Updating the pom.xml

  1. Update the properties section of your pom.xml with the following info:

    <properties>
        <project.build.sourceEncoding>UTF-8</project.build.sourceEncoding>
        <junit.version>4.13.2</junit.version>
        <allure.junit4.version>2.14.0</allure.junit4.version>
        <maven.compiler.plugin.version>3.5.1</maven.compiler.plugin.version>
        <maven.compiler.source>11</maven.compiler.source>
        <maven.compiler.target>11</maven.compiler.target>
        <aspectj.version>1.9.6</aspectj.version>
        <maven-surefire-plugin-version>3.0.0-M5</maven-surefire-plugin-version>
    </properties>
    
  2. Update the build section of your pom.xml with the following info:

    <build>
    
        <plugins>
    <!-- Compiler plug-in -->
    
            <plugin>
                    <groupId>org.apache.maven.plugins</groupId>
                    <artifactId>maven-compiler-plugin</artifactId>
                    <version>${maven.compiler.plugin.version}</version>
                    <configuration>
                        <source>${maven.compiler.source}</source> <!--For JAVA 8 use 1.8-->
                        <target>${maven.compiler.target}</target> <!--For JAVA 8 use 1.8-->
                    </configuration>
                </plugin>
    
        <!-- Added Surefire Plugin configuration to execute tests -->       
            <plugin>
                <groupId>org.apache.maven.plugins</groupId>
                <artifactId>maven-surefire-plugin</artifactId>
                <version>${maven-surefire-plugin-version}</version>
                <configuration>
                    <testFailureIgnore>false</testFailureIgnore>
                    <argLine>
                        -javaagent:"${settings.localRepository}/org/aspectj/aspectjweaver/${aspectj.version}/aspectjweaver-${aspectj.version}.jar"
                    </argLine>
                    <properties>
                        <property>
                            <name>listener</name>
                            <value>io.qameta.allure.junit4.AllureJunit4</value>
                        </property>
                    </properties>
                </configuration>
                <dependencies>
                    <dependency>
                        <groupId>org.aspectj</groupId>
                        <artifactId>aspectjweaver</artifactId>
                        <version>${aspectj.version}</version>
                    </dependency>
                </dependencies>
            </plugin>
        </plugins>
    </build>
    
  3. Include in your dependecies section the following items:

    <dependencies>
            <dependency>
                <groupId>com.alttester</groupId>
                <artifactId>alttester</artifactId>
                <version>2.2.0</version>
            </dependency>
            <dependency>
                <groupId>junit</groupId>
                <artifactId>junit</artifactId>
                <version>${junit.version}</version>
                <scope>test</scope>
            </dependency>
            <dependency>
            <groupId>io.qameta.allure</groupId>
            <artifactId>allure-junit4</artifactId>
            <version>${allure.junit4.version}</version>
            <scope>test</scope>
        </dependency> 
        </dependencies>
    

For more information, check QA Automation expert tutorial.
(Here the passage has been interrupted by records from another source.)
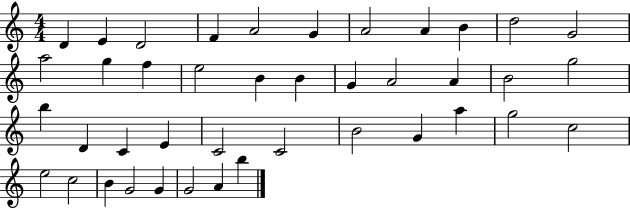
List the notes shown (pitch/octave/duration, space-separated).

D4/q E4/q D4/h F4/q A4/h G4/q A4/h A4/q B4/q D5/h G4/h A5/h G5/q F5/q E5/h B4/q B4/q G4/q A4/h A4/q B4/h G5/h B5/q D4/q C4/q E4/q C4/h C4/h B4/h G4/q A5/q G5/h C5/h E5/h C5/h B4/q G4/h G4/q G4/h A4/q B5/q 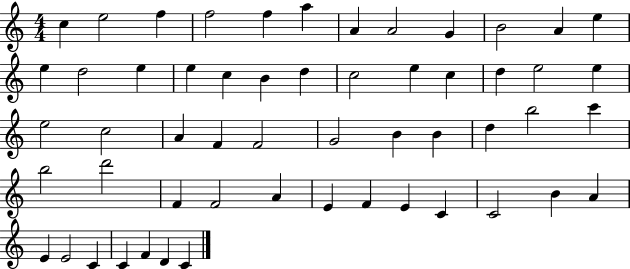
X:1
T:Untitled
M:4/4
L:1/4
K:C
c e2 f f2 f a A A2 G B2 A e e d2 e e c B d c2 e c d e2 e e2 c2 A F F2 G2 B B d b2 c' b2 d'2 F F2 A E F E C C2 B A E E2 C C F D C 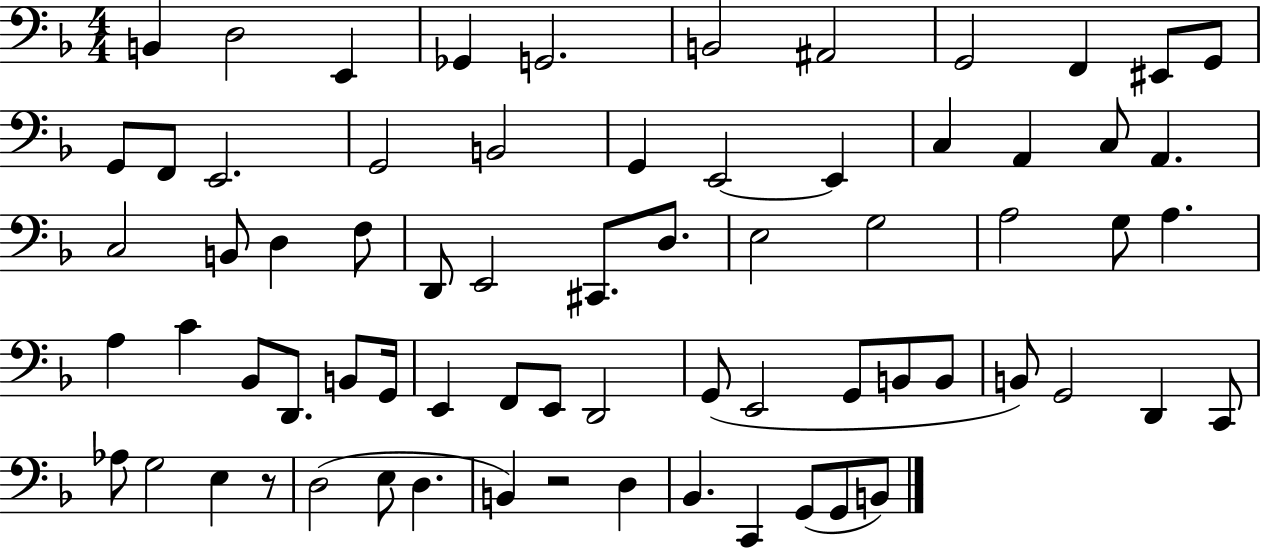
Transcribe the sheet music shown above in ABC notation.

X:1
T:Untitled
M:4/4
L:1/4
K:F
B,, D,2 E,, _G,, G,,2 B,,2 ^A,,2 G,,2 F,, ^E,,/2 G,,/2 G,,/2 F,,/2 E,,2 G,,2 B,,2 G,, E,,2 E,, C, A,, C,/2 A,, C,2 B,,/2 D, F,/2 D,,/2 E,,2 ^C,,/2 D,/2 E,2 G,2 A,2 G,/2 A, A, C _B,,/2 D,,/2 B,,/2 G,,/4 E,, F,,/2 E,,/2 D,,2 G,,/2 E,,2 G,,/2 B,,/2 B,,/2 B,,/2 G,,2 D,, C,,/2 _A,/2 G,2 E, z/2 D,2 E,/2 D, B,, z2 D, _B,, C,, G,,/2 G,,/2 B,,/2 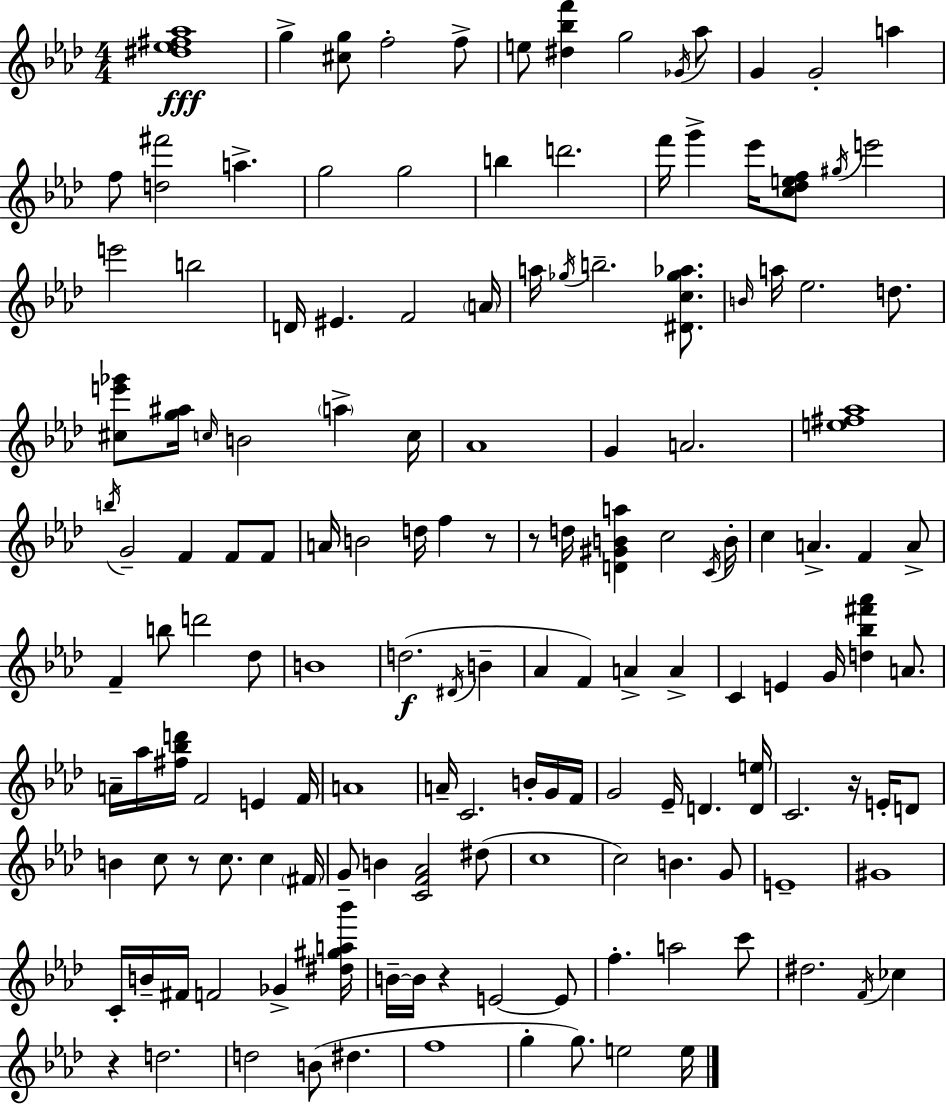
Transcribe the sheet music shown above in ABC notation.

X:1
T:Untitled
M:4/4
L:1/4
K:Fm
[^d_e^f_a]4 g [^cg]/2 f2 f/2 e/2 [^d_bf'] g2 _G/4 _a/2 G G2 a f/2 [d^f']2 a g2 g2 b d'2 f'/4 g' _e'/4 [c_def]/2 ^g/4 e'2 e'2 b2 D/4 ^E F2 A/4 a/4 _g/4 b2 [^Dc_g_a]/2 B/4 a/4 _e2 d/2 [^ce'_g']/2 [g^a]/4 c/4 B2 a c/4 _A4 G A2 [e^f_a]4 b/4 G2 F F/2 F/2 A/4 B2 d/4 f z/2 z/2 d/4 [D^GBa] c2 C/4 B/4 c A F A/2 F b/2 d'2 _d/2 B4 d2 ^D/4 B _A F A A C E G/4 [d_b^f'_a'] A/2 A/4 _a/4 [^f_bd']/4 F2 E F/4 A4 A/4 C2 B/4 G/4 F/4 G2 _E/4 D [De]/4 C2 z/4 E/4 D/2 B c/2 z/2 c/2 c ^F/4 G/2 B [CF_A]2 ^d/2 c4 c2 B G/2 E4 ^G4 C/4 B/4 ^F/4 F2 _G [^d^ga_b']/4 B/4 B/4 z E2 E/2 f a2 c'/2 ^d2 F/4 _c z d2 d2 B/2 ^d f4 g g/2 e2 e/4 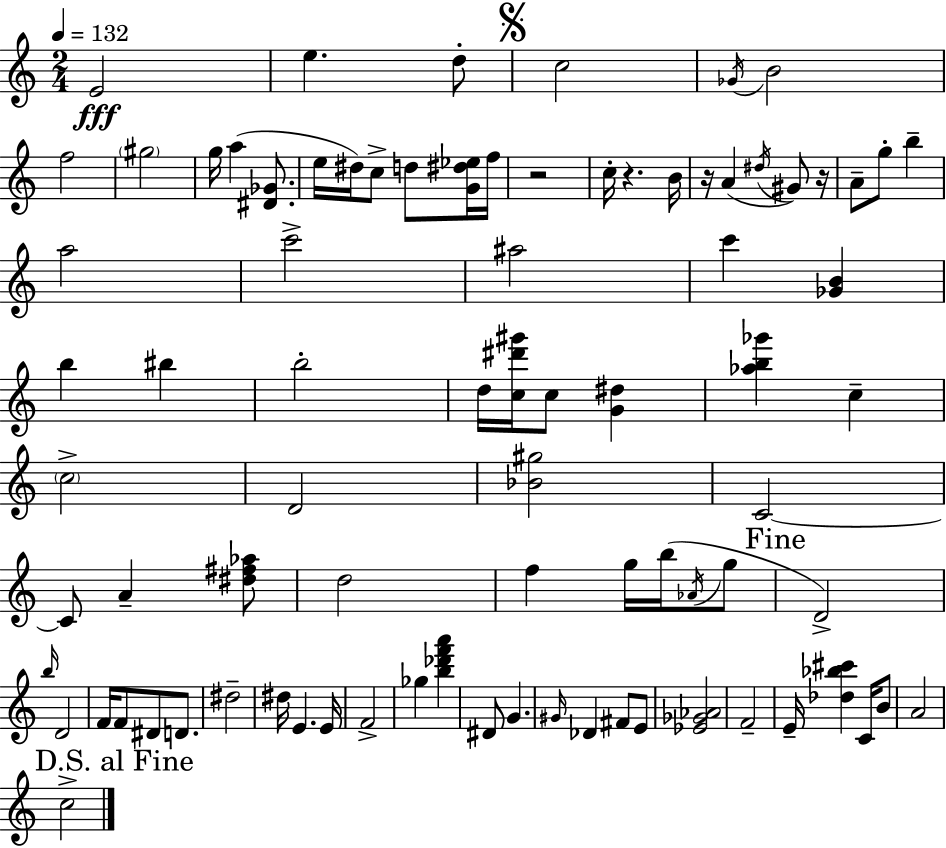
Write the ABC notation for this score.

X:1
T:Untitled
M:2/4
L:1/4
K:C
E2 e d/2 c2 _G/4 B2 f2 ^g2 g/4 a [^D_G]/2 e/4 ^d/4 c/2 d/2 [G^d_e]/4 f/4 z2 c/4 z B/4 z/4 A ^d/4 ^G/2 z/4 A/2 g/2 b a2 c'2 ^a2 c' [_GB] b ^b b2 d/4 [c^d'^g']/4 c/2 [G^d] [_ab_g'] c c2 D2 [_B^g]2 C2 C/2 A [^d^f_a]/2 d2 f g/4 b/4 _A/4 g/2 D2 b/4 D2 F/4 F/2 ^D/2 D/2 ^d2 ^d/4 E E/4 F2 _g [b_d'f'a'] ^D/2 G ^G/4 _D ^F/2 E/2 [_E_G_A]2 F2 E/4 [_d_b^c'] C/4 B/2 A2 c2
How to run the tests to obtain an Allure report

  1. Execute tests to generate the output in the allure-results folder by using the command:

    mvn test
    
  2. For viewing the allure report use the following command after the previous:

    allure serve allure-results
    

How to obtain a single html report

In order to obtain a single html file with the whole report, you should use allure-combine which is a python package. Please follow the steps:

  1. Install allure-combine using the following command in your terminal:

    pip install allure-combine
    
  2. Generate a non-combined report by using the follosing command:

    allure generate -c allure-results -o allure-results-html
    
  3. Generate a single html file with the whole report:

    allure-combine ./allure-results-html
    

! For MacOS, you should replace pip with pip3. The name of the combined report is combined.html and it is under allure-results-html folder.

More details related to Allure can be found at the official Allure documentation.